The data.

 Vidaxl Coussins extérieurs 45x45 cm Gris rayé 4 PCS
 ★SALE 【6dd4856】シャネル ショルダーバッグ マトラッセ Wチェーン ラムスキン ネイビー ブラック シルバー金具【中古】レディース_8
* * *
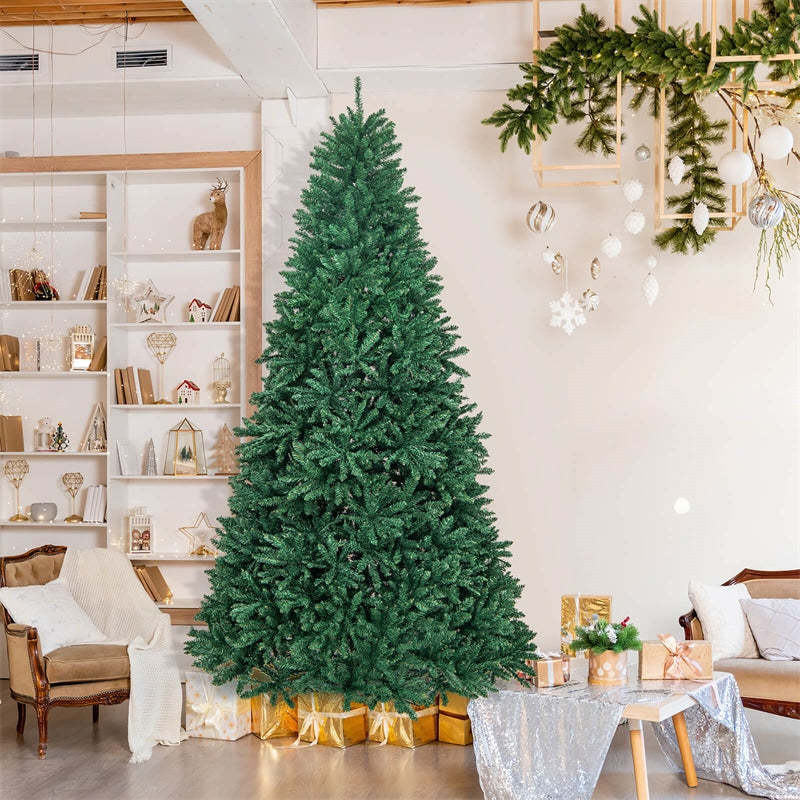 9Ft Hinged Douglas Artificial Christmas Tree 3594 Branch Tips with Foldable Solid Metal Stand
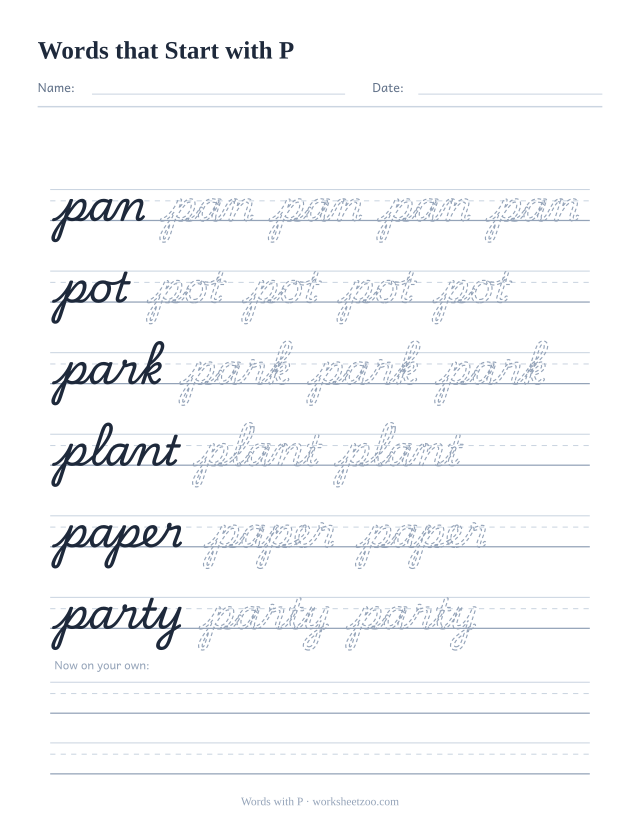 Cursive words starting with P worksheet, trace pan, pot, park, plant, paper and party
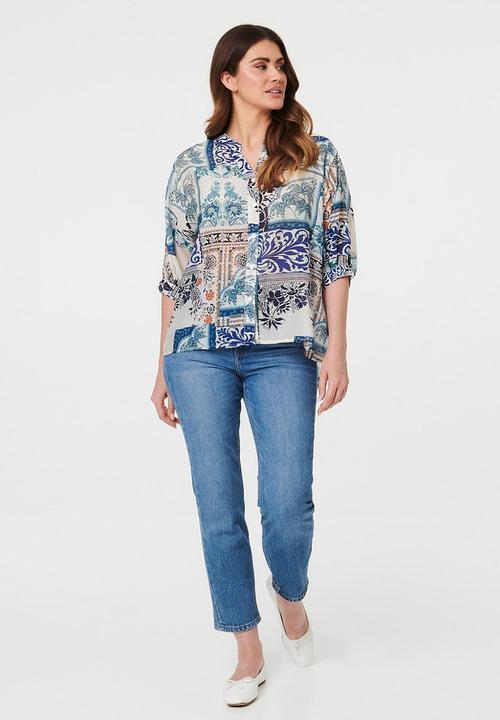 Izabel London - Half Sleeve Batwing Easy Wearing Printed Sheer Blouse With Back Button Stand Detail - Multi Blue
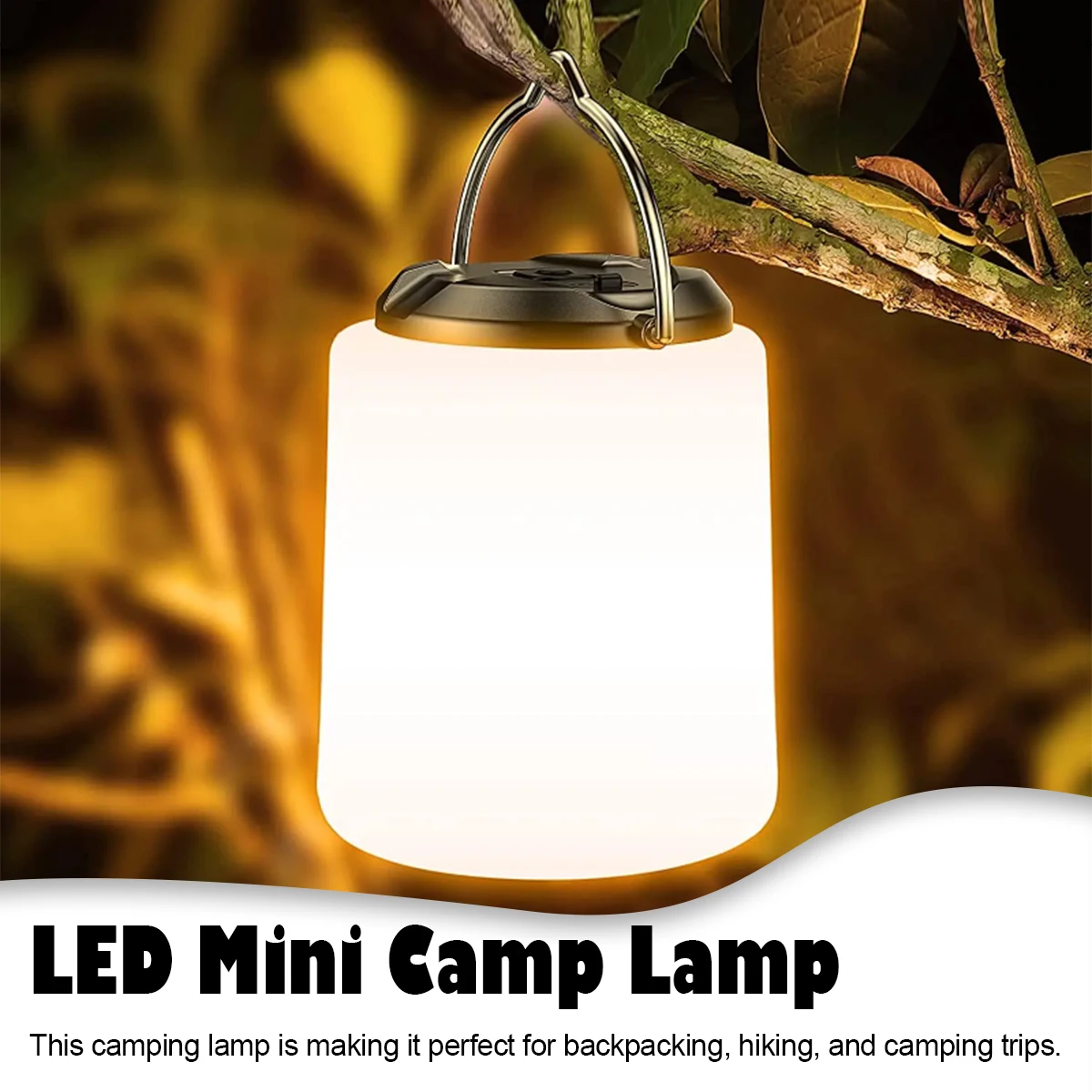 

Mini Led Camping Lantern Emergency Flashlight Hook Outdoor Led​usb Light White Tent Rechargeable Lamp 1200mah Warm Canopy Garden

Task to carry out. What is needed is an exact copy of the lines above, from the one containing "Vidaxl Coussins extérieurs" through the one containing "ネイビー ブラック シルバー金具【中古】レディース_8", with nothing added.

Task result.
 Vidaxl Coussins extérieurs 45x45 cm Gris rayé 4 PCS
 ★SALE 【6dd4856】シャネル ショルダーバッグ マトラッセ Wチェーン ラムスキン ネイビー ブラック シルバー金具【中古】レディース_8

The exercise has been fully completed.